───── Listed records ─────
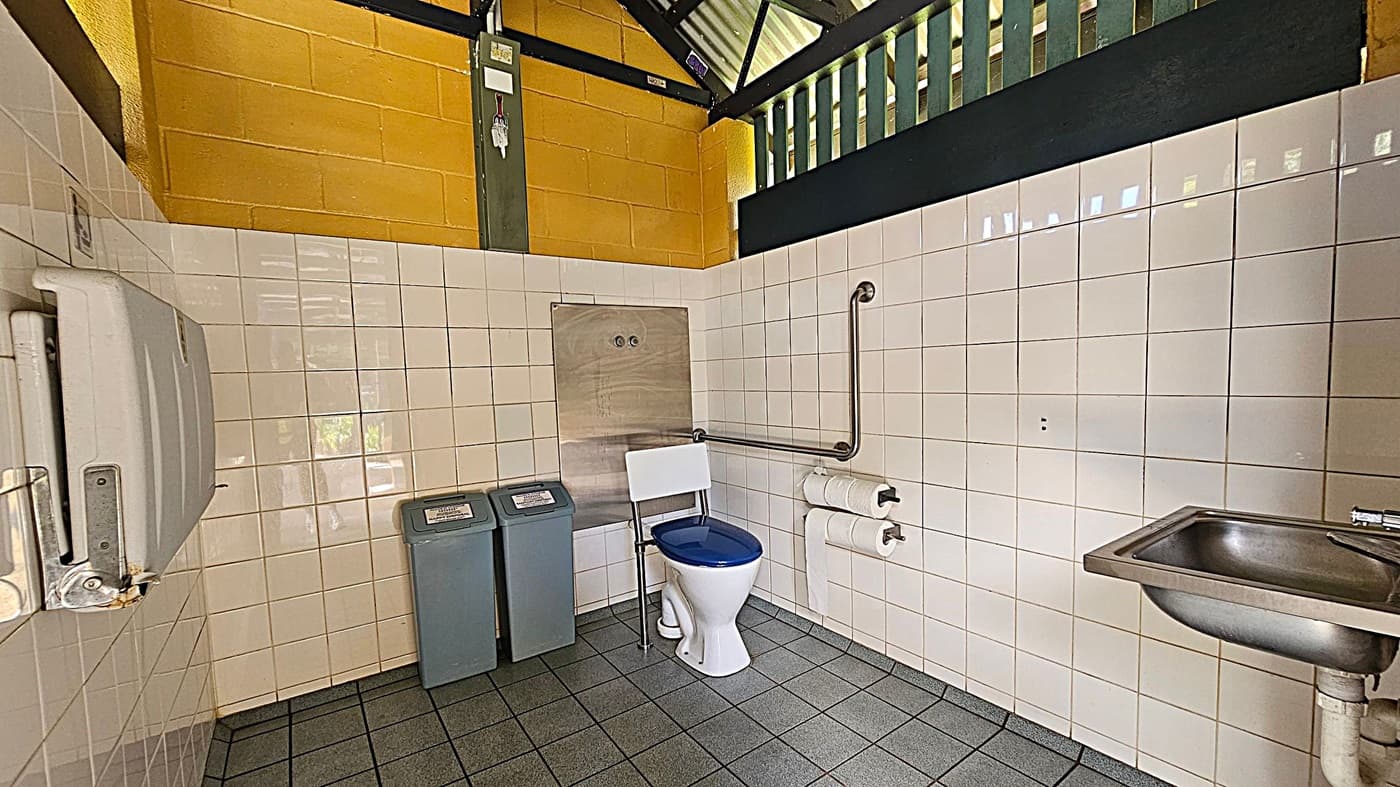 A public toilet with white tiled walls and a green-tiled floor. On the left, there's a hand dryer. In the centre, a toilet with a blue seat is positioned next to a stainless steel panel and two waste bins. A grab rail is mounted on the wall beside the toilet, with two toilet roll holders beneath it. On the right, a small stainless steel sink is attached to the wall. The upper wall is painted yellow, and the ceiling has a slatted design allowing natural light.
─────
───── Listed records ─────
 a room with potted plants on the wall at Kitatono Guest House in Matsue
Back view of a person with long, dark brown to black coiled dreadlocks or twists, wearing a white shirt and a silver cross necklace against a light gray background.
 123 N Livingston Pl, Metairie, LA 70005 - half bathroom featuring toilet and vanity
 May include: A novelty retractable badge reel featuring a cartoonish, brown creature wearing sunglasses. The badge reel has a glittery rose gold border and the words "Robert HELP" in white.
─────
In the data above, find each line that has the word "brown" and copy it out.

Back view of a person with long, dark brown to black coiled dreadlocks or twists, wearing a white shirt and a silver cross necklace against a light gray background.
 May include: A novelty retractable badge reel featuring a cartoonish, brown creature wearing sunglasses. The badge reel has a glittery rose gold border and the words "Robert HELP" in white.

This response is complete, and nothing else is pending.